Things are suspect right away. Paula, the eventual final girl who spends the majority of the film off-screen, has hitch-hiked with a truck driver wearing a purple shirt and yellow ascot. The driver tries to feel her up, tells her he has “enough tongue” for the both of them, and then accuses her of being a “lesbo” when she refuses. She is set up as the first red-herring when she gets out and walks through a forest where the first killing will take place. The killer uses a stop-watch to commemorate the confusing track meet from the beginning of the film. The first victim, like everyone who is actually murdered in the film, is an anonymous member of the track team the audience is never allowed to get to know and generate sympathy for. The coach is then set up as another red-herring in one of many terrible musical sequences in the film. As he walks across campus, we get a "meet the crazy kids!" montage cross-cut to a heavy metal tune called, for absolutely no logical reason, “Lucky Strike.” Oh, yeah: half the “crazy kids” we meet have nothing to do with the film’s alleged plot.

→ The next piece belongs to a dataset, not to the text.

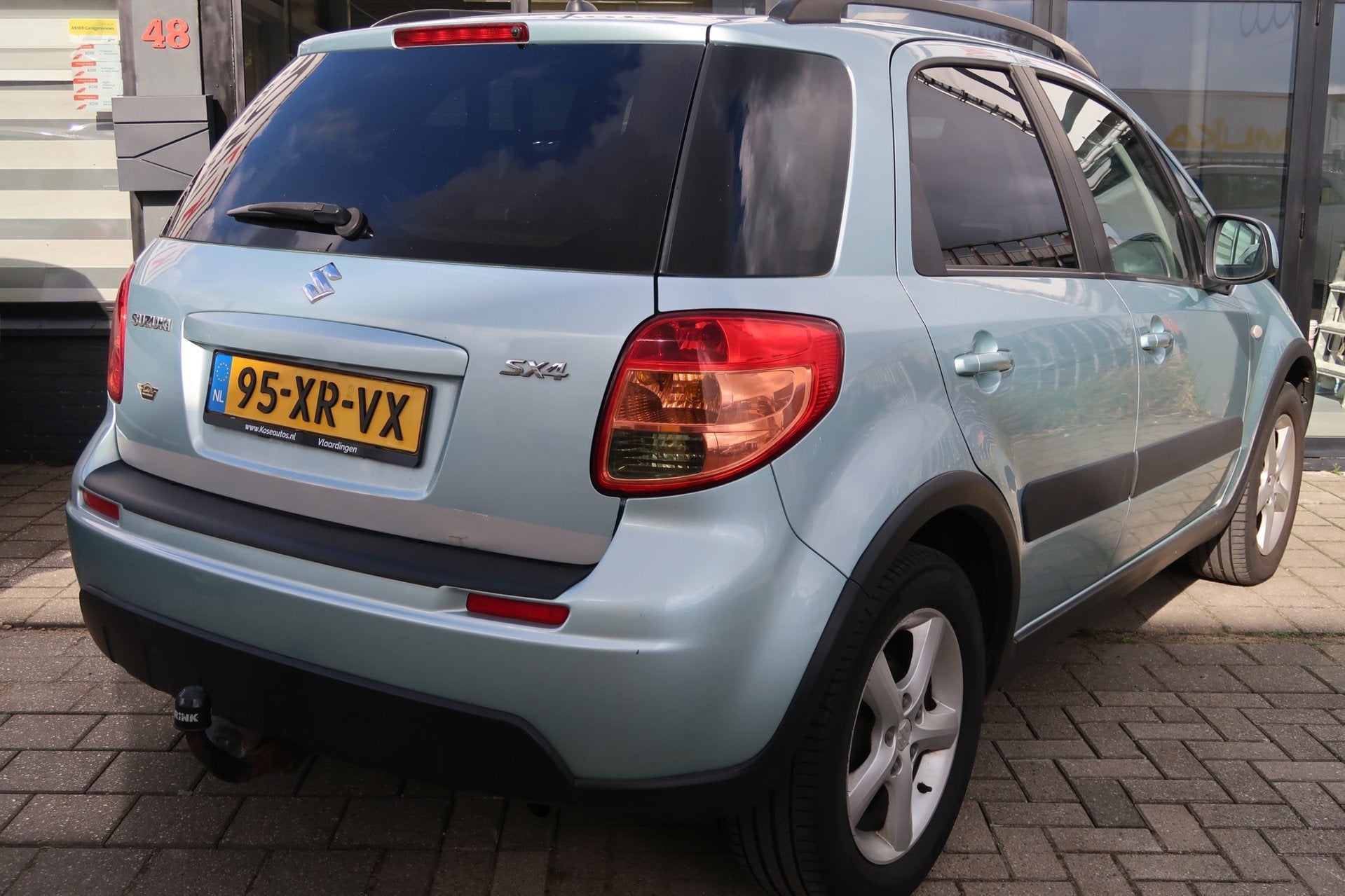 Suzuki SX4 1.6 Shogun *Rijklaarprijs *Trekhaak *NAP, Dealer onderhouden, Gebruikt, Zwart, 4 cilinders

Crammed in among all the nonsense and moronic killings (after the first victim, the killer, for no apparent reason, adopts a fencing foil as his or her weapon of choice), we manage to learn that a character named Kevin, who looks like he’s thirty-five-years-old and belongs in a Lord of the Rings movie, was in love with Laura, the girl who dropped dead at the track meet in the beginning of the film. So much for red-herrings. So much, also, for the film maintaining its rep as a piece of subversive cinema. The moment the killer in a slasher turns out to be one of the “crazy kids,” the notion of the teenagers being the Other is pretty much snuffed.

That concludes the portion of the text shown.